Native advertising—a short-hand term for the blending of advertisements with news, entertainment, and other editorial content—comes in a variety of shapes and sizes, examples of which can be seen in any publishing medium. Native advertising’s popularity is unsurprising: brands are promised new and fluid ways to reach readers without disrupting their regular engagement with the product, and publishers have new ways to monetize their products. But what brands and publishers may call a boon, the Federal Trade Commission may not. More flexible digital mediums give brands and publishers the ability to experiment with new types of sponsorship that can potentially upend what consumers recognize as advertising. On December 4th, the Federal Trade Commission hosted a workshop to explore industry and practical viewpoints on the so-called “blurred lines” of native advertising. The prevailing questions of the day were, “Does this practice need to be specifically regulated, and if so, what are the best ways to do it?”  

Although simple in its mandate, the workshop uncovered no cure-all. In fact, not all could quite agree on the problem. At the end of the day, it was clear that regulating such diverse varieties of native advertising may prove difficult, as the infinite styles seem only to be limited by brand and publisher creativity. According to some industry viewpoints expressed throughout the workshop, native advertising is, to a certain extent, self-regulating. The theory goes that publishers cultivate trust from readers, and they risk alienating readers when they abuse that trust by deceptively inducing the reader to read advertising content framed as their editorial content. Indeed, this trust-principle is prevalent in self-regulatory guidelines published by two industry groups, the American Society of Magazine Editors (ASME) and the Interactive Advertising Bureau (IAB). The ASME Guidelines for Editors and Publishers outlines specific best practices for print and digital publishers, but the guidance can be distilled to the paramount directive: “no fooling the reader.” Also released on the same day as the FTC workshop was the IAB’s Native Advertising Playbook. The Playbook distinguishes between six specific types of native advertisements: In-Feed Units, Paid Search Units, Recommendation Widgets, Promoted Listings, In-Ad with Native Element Units, Custom/“Can’t Be Contained.” However, unable to promote a one-size-fits-all disclosure mechanism to all six types of native ads, the IAB instead demands adherence to the “core principle that regardless of context, a reasonable consumer should be able to distinguish between what is a paid native advertising unit vs. what is publisher editorial content.”

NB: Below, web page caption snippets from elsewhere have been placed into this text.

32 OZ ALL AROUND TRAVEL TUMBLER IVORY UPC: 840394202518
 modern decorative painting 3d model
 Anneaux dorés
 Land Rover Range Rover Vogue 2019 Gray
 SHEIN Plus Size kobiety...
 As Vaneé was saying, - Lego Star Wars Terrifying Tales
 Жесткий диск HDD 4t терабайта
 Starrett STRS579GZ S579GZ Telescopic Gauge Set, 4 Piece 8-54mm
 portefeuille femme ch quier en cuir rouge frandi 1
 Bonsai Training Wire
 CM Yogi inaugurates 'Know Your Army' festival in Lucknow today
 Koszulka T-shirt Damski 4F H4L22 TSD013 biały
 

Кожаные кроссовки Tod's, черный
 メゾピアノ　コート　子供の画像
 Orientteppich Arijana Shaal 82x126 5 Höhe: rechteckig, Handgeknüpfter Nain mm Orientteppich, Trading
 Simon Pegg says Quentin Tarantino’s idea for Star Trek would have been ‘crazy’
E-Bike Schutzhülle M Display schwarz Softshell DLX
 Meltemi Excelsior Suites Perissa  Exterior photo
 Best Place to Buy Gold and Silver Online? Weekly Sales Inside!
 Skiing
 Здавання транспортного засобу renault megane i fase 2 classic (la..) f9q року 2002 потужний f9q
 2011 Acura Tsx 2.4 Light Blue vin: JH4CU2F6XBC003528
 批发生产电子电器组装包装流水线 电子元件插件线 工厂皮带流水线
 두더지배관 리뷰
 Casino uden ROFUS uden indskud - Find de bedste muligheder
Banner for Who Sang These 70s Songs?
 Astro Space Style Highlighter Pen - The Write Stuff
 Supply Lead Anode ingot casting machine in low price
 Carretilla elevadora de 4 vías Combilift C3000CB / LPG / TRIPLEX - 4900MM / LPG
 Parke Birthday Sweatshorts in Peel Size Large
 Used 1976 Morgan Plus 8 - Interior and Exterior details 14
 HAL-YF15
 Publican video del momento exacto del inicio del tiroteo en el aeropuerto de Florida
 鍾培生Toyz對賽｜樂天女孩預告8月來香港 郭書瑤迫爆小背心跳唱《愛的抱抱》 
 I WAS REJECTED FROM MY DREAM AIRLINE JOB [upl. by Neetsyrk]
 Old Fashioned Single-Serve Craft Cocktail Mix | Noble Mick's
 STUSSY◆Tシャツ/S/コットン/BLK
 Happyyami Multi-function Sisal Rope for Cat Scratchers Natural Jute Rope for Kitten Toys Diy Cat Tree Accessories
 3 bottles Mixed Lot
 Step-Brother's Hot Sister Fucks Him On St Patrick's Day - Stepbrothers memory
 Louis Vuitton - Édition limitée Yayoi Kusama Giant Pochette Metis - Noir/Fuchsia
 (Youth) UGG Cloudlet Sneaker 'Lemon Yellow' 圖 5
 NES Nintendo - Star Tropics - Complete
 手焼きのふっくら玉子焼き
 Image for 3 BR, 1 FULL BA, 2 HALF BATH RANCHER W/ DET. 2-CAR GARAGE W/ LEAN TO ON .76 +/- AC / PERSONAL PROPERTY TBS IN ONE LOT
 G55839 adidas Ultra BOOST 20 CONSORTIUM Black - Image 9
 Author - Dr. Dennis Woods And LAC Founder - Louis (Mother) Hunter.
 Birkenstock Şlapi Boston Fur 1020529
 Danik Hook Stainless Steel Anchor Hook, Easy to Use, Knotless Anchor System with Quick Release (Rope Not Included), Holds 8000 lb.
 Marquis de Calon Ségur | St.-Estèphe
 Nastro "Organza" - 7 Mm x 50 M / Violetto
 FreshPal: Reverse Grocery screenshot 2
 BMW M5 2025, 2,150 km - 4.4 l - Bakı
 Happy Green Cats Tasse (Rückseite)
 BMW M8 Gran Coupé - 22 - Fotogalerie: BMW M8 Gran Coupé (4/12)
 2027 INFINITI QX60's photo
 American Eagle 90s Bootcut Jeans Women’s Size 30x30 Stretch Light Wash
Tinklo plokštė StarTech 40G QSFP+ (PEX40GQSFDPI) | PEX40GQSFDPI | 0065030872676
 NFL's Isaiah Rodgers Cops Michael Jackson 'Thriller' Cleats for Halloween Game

While most at the workshop did seem to agree that deceiving readers by failing to label advertising was both illegal under Section 5 of the FTC Act and ethically problematic under journalistic standards, the nuanced questions proved more vexing. The following are just a few of the unanswered questions addressed by panelists throughout the workshop:

  • What level of brand involvement—both in the context surrounding the writing of the article and in the choosing or drafting of the actual content of the article—constitutes advertising and requires labeling?
  • If content does require labeling, what is the best way to signal advertising content to the reader?
    • What graphical schemes best visually separate advertising content from editorial content?
    • What words or phrases, such as “Sponsored By,” “Brought to You By,” or “Generated by,” most clearly describe to readers the brand-publisher relationship?

TIP: Brands and publishers risk deceiving consumers when a brand significantly influences content and the content is not accurately labeled. The FTC and the NAD will continue to analyze these fact-specific problems on a case-by-case basis, and the convening of the December workshop illustrates that the FTC will continue to scrutinize deceptive native advertising practices.